This may change with the new 2009 Mazda6. The new 6 is designed expressly for the North American market. It is larger in every dimension than the outgoing car, has more power, is more refined than the model it replaces, and we think better looking. The car will be built in Mazda's plant in Flat Rock, Michigan, and the company's plan for quality is aggressive. Their target isn't the Toyota Camry, but the new class quality leader, the Chevy Malibu. If the fit and finish of our pre-production test models were any indication, Mazda is ramping up to crank out high-quality vehicles.
A major decision that significantly impacts quality is the paring down of the Mazda6 line from three body styles to one. The five-door and wagon body styles got the axe, so all resources could focus on designing, engineering, and building a really good four-door. The result is a sporty sedan with fine driving manners, plenty of room, and a surfeit of features.

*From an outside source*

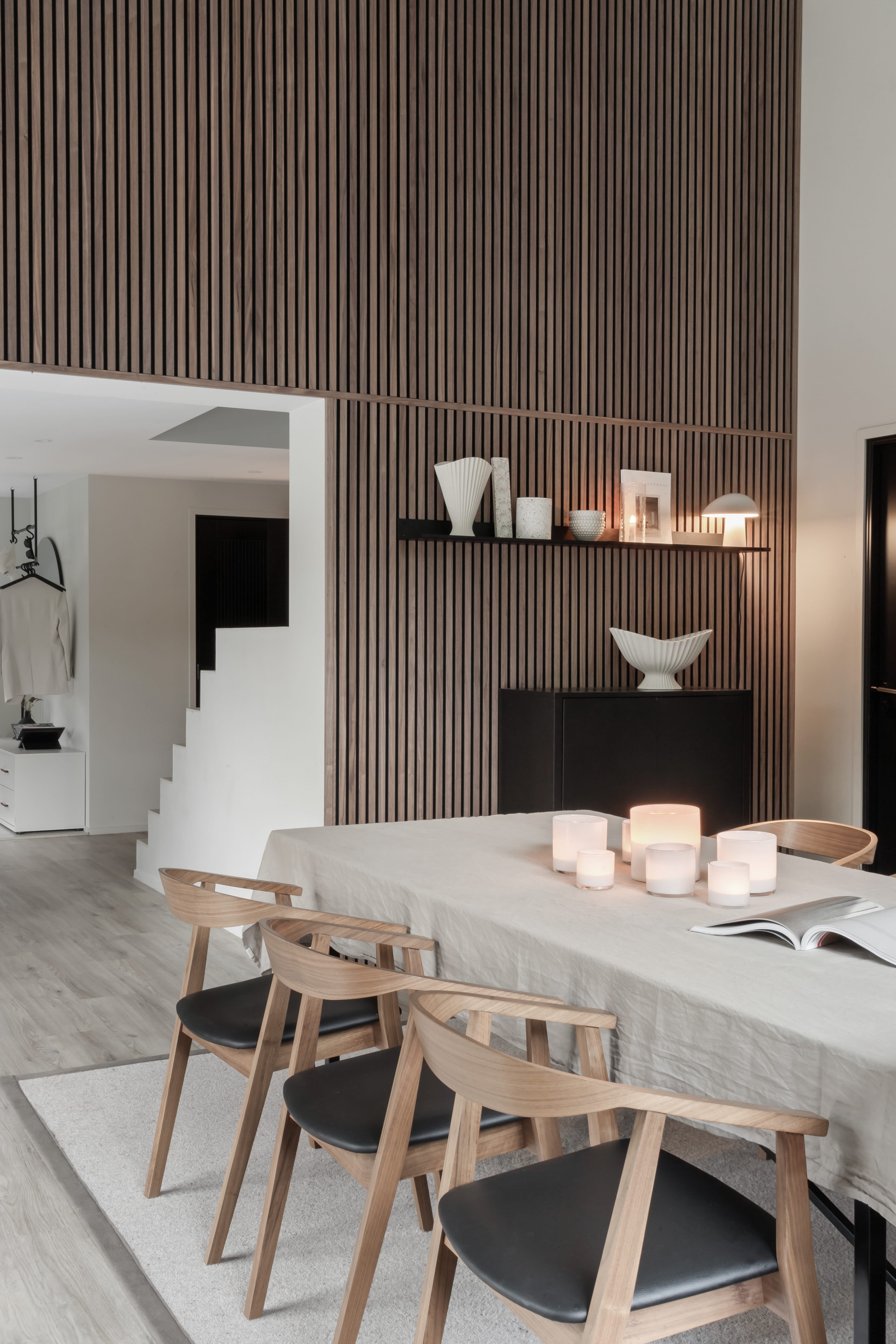 Salle à manger moderne avec une table en bois clair, quatre chaises, des bougies et un décor minimaliste. Mur vertical en lattes de bois acoustique Akupanel et escalier ouvert en vue.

Generally speaking, vehicles wearing a Mazda badge know how to hustle. This sensation is amplified with the new 6. To go with its new larger size there are two new engines, both larger; a 2.5-liter four-cylinder with 170 horsepower is a bored and stroked version of the 2.3-liter four cylinder used in a variety of Mazdas. Other internal improvements helped increase fuel economy (20 mpg city/29 mpg highway for the manual, 21/30 mpg for the five-speed automatic) while improving the power output.
The 3.7-liter V-6 producing 272 horsepower is an engine we've come to like in the CX-9 crossover. This is the same core engine as used in the new Lincoln MKS and Ford Flex but is built by Mazda in Japan. The V-6 benefits from variable valve timing and other expected technologies (overhead cams, four valves per cylinder, etc.), but unlike some other vehicles in the class, it hits its horsepower target running on regular gas, not premium. Mileage is 17/25 mpg with the only available transmission, a six-speed automatic.
In a trend we're seeing across the industry, the 2.5-liter four-cylinder is available across the Mazda6 trim levels: Sport, Touring, and Grand Touring.
We drove each powertrain and liked them all. The 2.5-liter/six-speed package is good enough to make you want to drive a manual transmission car again (or for the first time). Mazda expects that about 12 percent of those selecting the four-cylinder will go with the manual. The other 88 percent don't know what they're missing. This combination feels light and lively while maintaining a civilized ride.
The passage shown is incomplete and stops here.